La situation de notre mort culturelle
Ce dont je parle ici, ce n’est pas seulement du continent, car en fait, notre mort culturelle dans la Diaspora est aussi inscrite dans les idées fausses et dangereuses que nous avons adoptées ou développées, dans notre matérialisme servile, nos histoires qui sont celles d’un individualisme obscène, nos vulgarités linguistiques, notre destruction de nous-mêmes dans le contexte capitaliste américain, un contexte dans lequel des enfants noirs, complètement inconscients de leur passé héroïque, parlent d’eux-mêmes en des termes méprisables et terriblement négatifs.

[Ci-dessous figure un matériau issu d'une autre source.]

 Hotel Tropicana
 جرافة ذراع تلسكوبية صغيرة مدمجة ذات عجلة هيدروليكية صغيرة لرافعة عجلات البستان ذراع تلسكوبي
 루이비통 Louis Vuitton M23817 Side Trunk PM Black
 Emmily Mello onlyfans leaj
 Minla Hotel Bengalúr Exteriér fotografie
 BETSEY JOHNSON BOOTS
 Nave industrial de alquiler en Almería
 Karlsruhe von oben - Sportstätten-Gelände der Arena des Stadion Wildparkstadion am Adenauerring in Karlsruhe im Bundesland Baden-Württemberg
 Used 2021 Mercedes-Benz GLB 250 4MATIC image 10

N’est-il donc pas temps que nous ressuscitions ? Vous ne pouvez pas élever votre langage sans élever d’abord votre pensée, et vous ne pouvez pas élever votre pensée si vous n’êtes pas conscients des canons de votre culture. Il ne s’agit pas d’une plaisanterie, mais en fait, il s’agit de la seule voie possible pour sortir du marécage désolé de notre obsolescence culturelle. Au cœur de cette transformation il y a un renouvellement spirituel. Nous ne pouvons pas oublier ou ignorer les traditions que nos ancêtres ont développées au cours de milliers d’années d’expérience.
La transformation
Ce sont la production et la transmission de motifs, de symboles, et d’idées fondés sur les valeurs les plus durables de nos ancêtres qui nous permettront d’introduire une nouvelle vision des choses dans la société contemporaine. Cela aurait dû être, bien sûr, un processus naturel, mais étant donné nos circonstances politiques, culturelles, et sociales, ce processus naturel est devenu anormal pour nous. Normalement, chaque nouvelle génération évalue et perpétue les idéaux de la génération précédente. Ce lien est un lien organique dans la mesure où nous savons qui nous sommes parce que nous nous savons liés à d’autres. L’innovation s’appuie sur la tradition, et devient elle-même tradition. Ce qui représente une innovation pour une génération donnée devient une tradition pour la génération qui lui succède, et le cycle continue ainsi, à moins qu’il n’y ait rupture, désorientation, et déformation délibérée de ce qui s’est passé afin de conduire un peuple à sa mort psychologique.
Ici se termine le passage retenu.